Flexible polyurethane foams are tailored to meet the needs of particular markets. When good load bearing properties are needed, the polyols may include a polymeric component, such as a styrene-acrylonitrile polymer polyol dispersed in a base polyether polyol. When high reactivity is needed, as in the production of molded foams, “reactive polyols” having a high content of primary hydroxyl groups are used. Still other polyols are used at low NCO/OH index to produce viscoelastic (or “memory”) foam. In general, however, the polyols used to make these flexible foams are polyether-based materials derived from petroleum.
Aromatic polyester polyols are commonly used to produce rigid polyurethane or polyisocyanurate foams, but relatively few sources recommend using such polyols to produce flexible polyurethane foams. Rigid foams normally require polyols with average hydroxyl functionalities greater than about 2.5 and relatively high hydroxyl numbers that range from 200-300 mg KOH/g. Usually, the aromatic polyester polyols are made by polycondensation of diacids or anhydrides with diols, although in some cases, polyethylene terephthalate has been proposed as a suitable reactant. Some references also suggest incorporation of natural oils or other hydrophobes into the aromatic polyester polyols for the purpose of improving compatibility with the hydrocarbon blowing agents used to produce rigid foams. For examples of such aromatic polyester polyols, see U.S. Pat. Nos. 4,608,432; 5,877,255; 5,922,779; and 6,664,363.
Currently, only a minor fraction of polyols used to produce flexible polyurethane foam comes from biorenewable resources or recycled materials. Recycled polyethylene terephthalate (PET), polybutylene terephthalate (PBT), and other thermoplastics provide a low-cost, potentially valuable feedstock for making polyols for flexible foams while decreasing our reliance on petrochemical-based polyether polyols.

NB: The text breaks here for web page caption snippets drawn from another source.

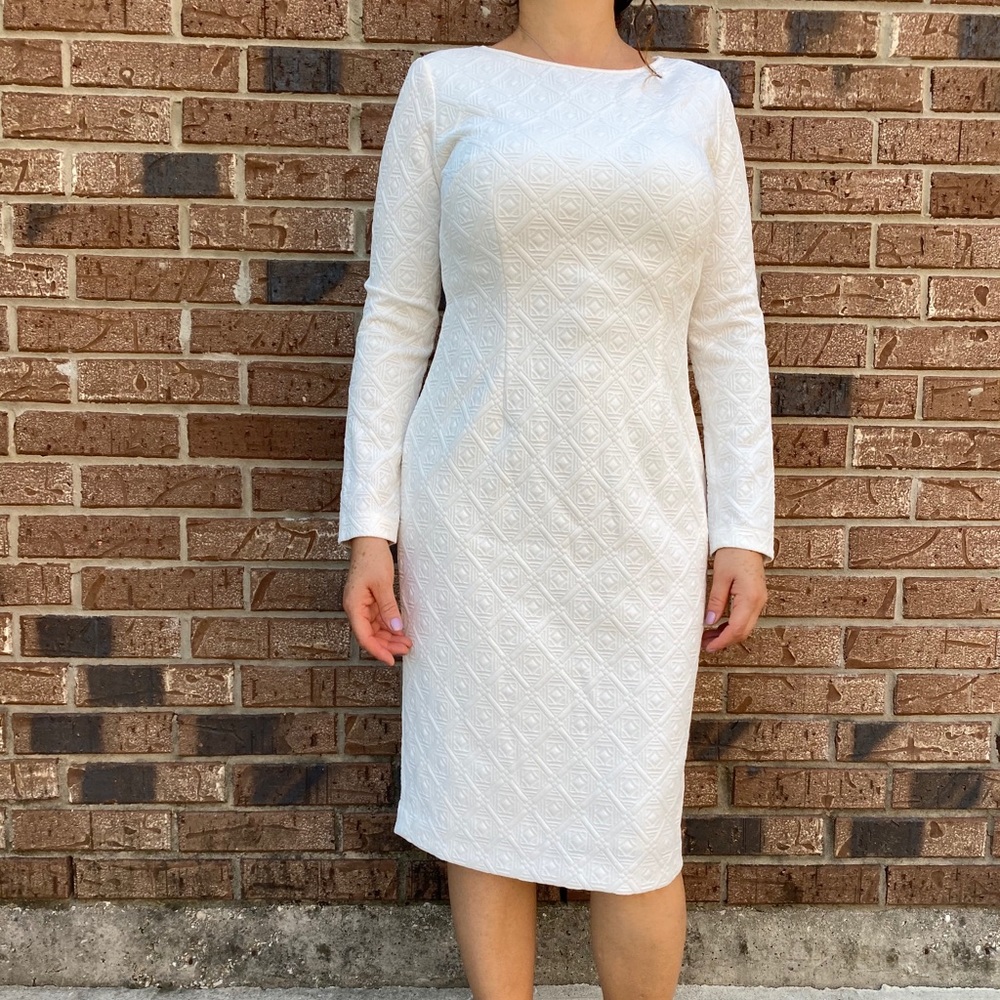 White long sleeve dress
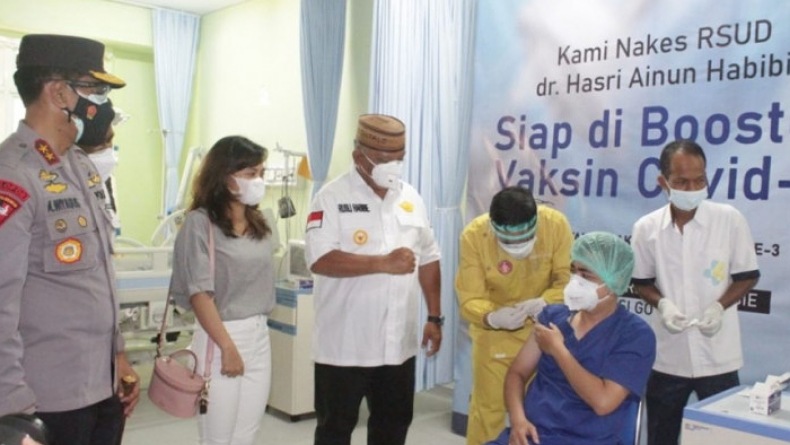 Ribuan Nakes di Gorontalo Mulai Terima Vaksin Tahap III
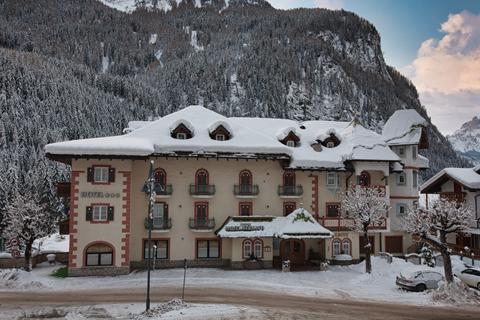 Korting skivakantie Dolomiti Superski ⛷️ Hotel Bernard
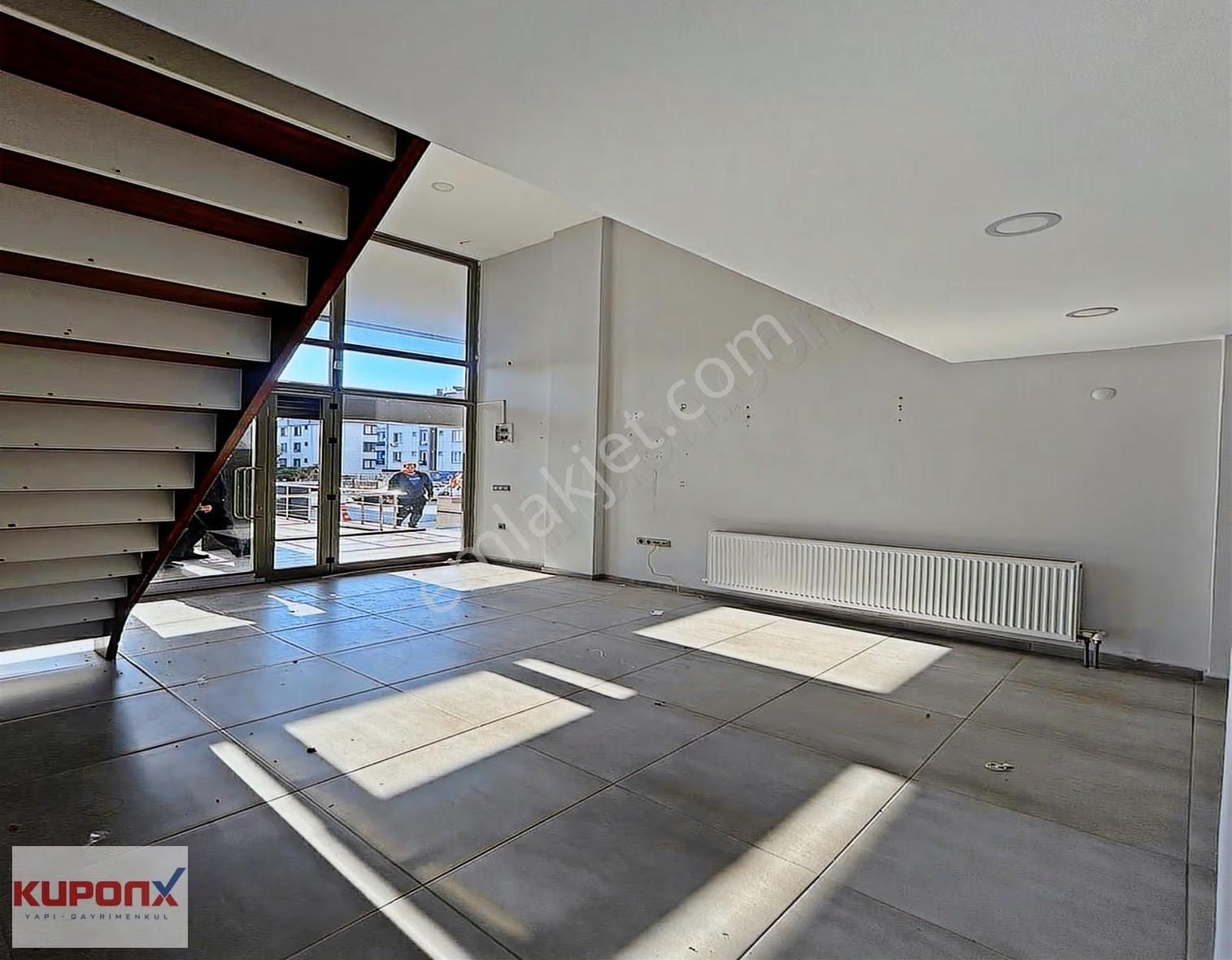 Kavaklı'dan İşlek Cadde Üzerinde Geniş Kullanımlı Kiralık Dükkan - Görsel 21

The industry would benefit from the availability of sustainable polyols suitable for use in the production of flexible polyurethane foams and other products. Such polyols should have sufficiently high average hydroxyl functionality (i.e., from about 2.5 to 3.0) and hydroxyl numbers in the useful range of about 20 to 150 mg KOH/g. Ideally, the polyols could be formulated completely or substantially from recycled (such as the nearly endless supply of recycled PET), post-industrial, and biorenewable materials.